Data entries

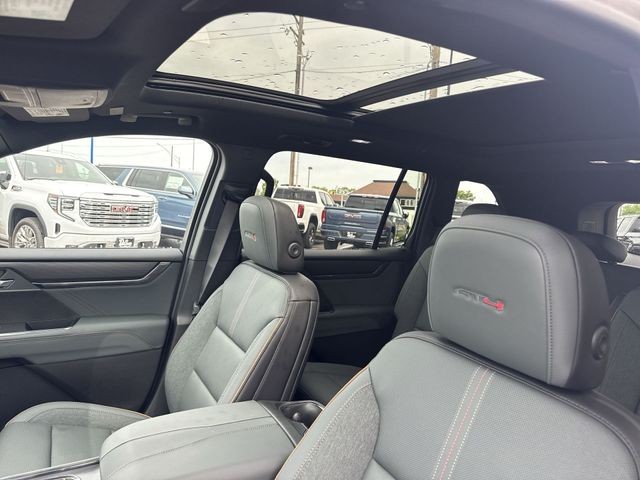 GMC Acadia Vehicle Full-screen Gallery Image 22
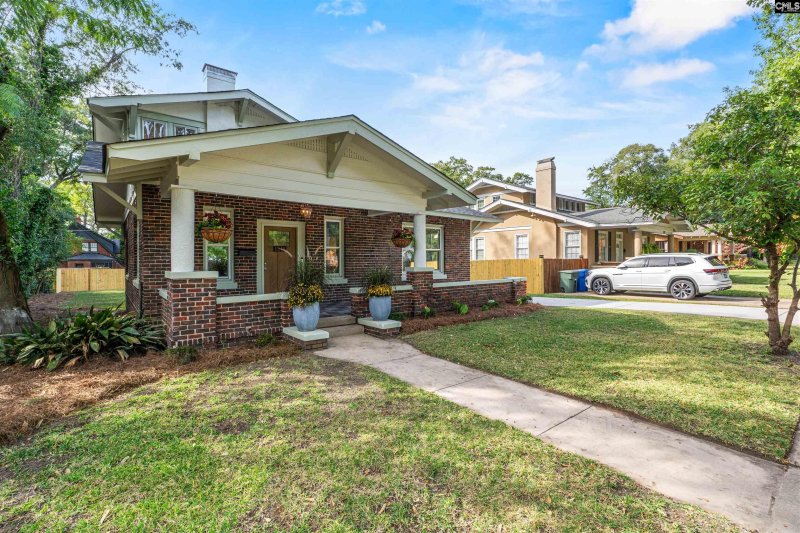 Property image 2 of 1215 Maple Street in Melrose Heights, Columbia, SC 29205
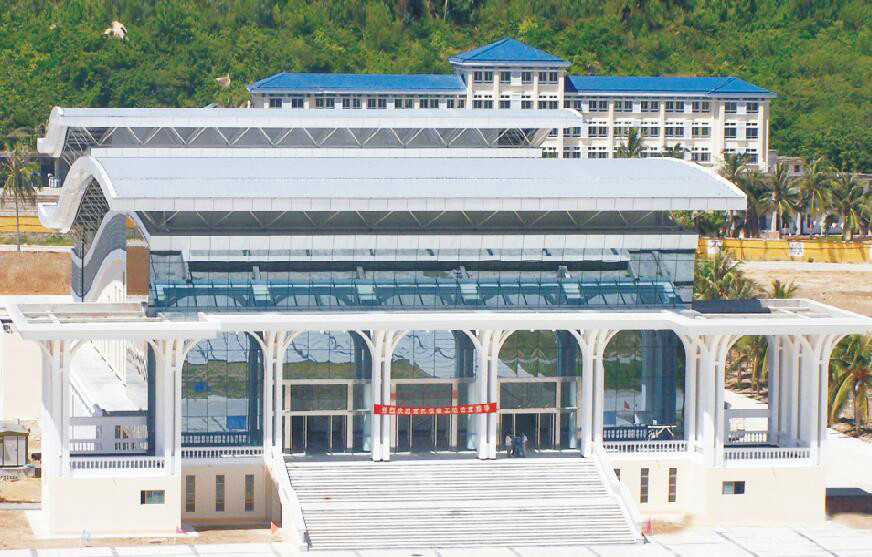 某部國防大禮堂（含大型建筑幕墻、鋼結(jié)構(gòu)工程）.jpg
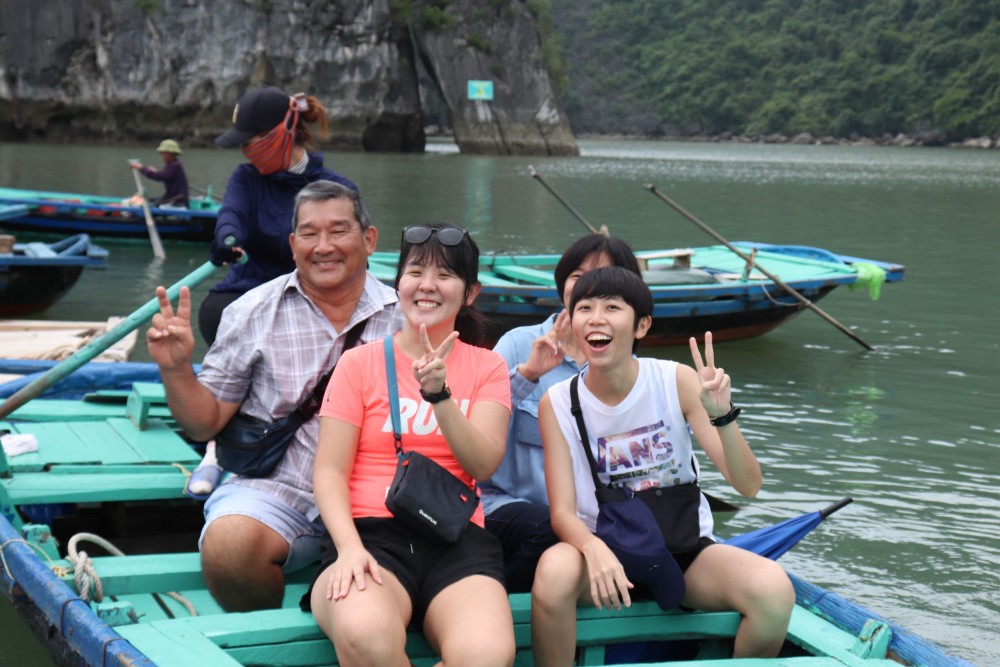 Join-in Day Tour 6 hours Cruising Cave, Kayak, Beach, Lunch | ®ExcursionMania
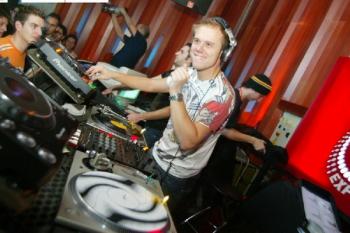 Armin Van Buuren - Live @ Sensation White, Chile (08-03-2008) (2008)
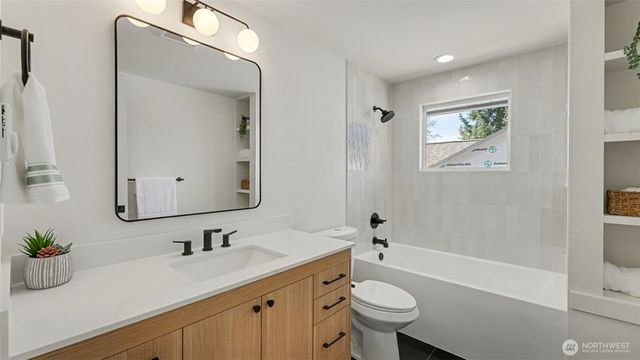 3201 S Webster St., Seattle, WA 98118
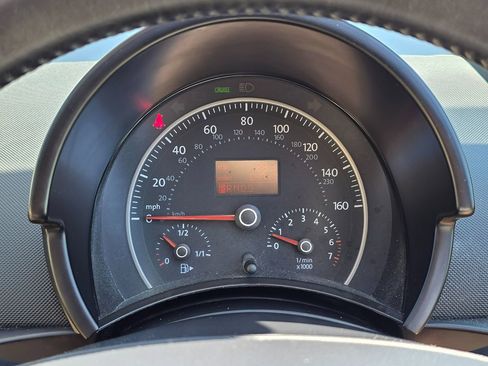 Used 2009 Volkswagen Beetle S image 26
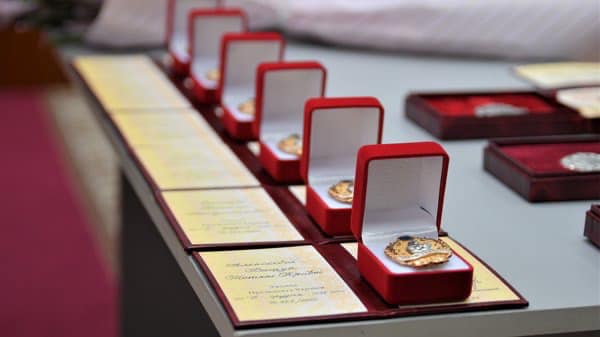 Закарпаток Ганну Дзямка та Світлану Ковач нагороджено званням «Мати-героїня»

### Work order
From the first record above to the last, output each one exactly and omit the pictures.

### Written answer
 GMC Acadia Vehicle Full-screen Gallery Image 22
 Property image 2 of 1215 Maple Street in Melrose Heights, Columbia, SC 29205
 某部國防大禮堂（含大型建筑幕墻、鋼結(jié)構(gòu)工程）.jpg
 Join-in Day Tour 6 hours Cruising Cave, Kayak, Beach, Lunch | ®ExcursionMania
 Armin Van Buuren - Live @ Sensation White, Chile (08-03-2008) (2008)
 3201 S Webster St., Seattle, WA 98118
 Used 2009 Volkswagen Beetle S image 26
 Закарпаток Ганну Дзямка та Світлану Ковач нагороджено званням «Мати-героїня»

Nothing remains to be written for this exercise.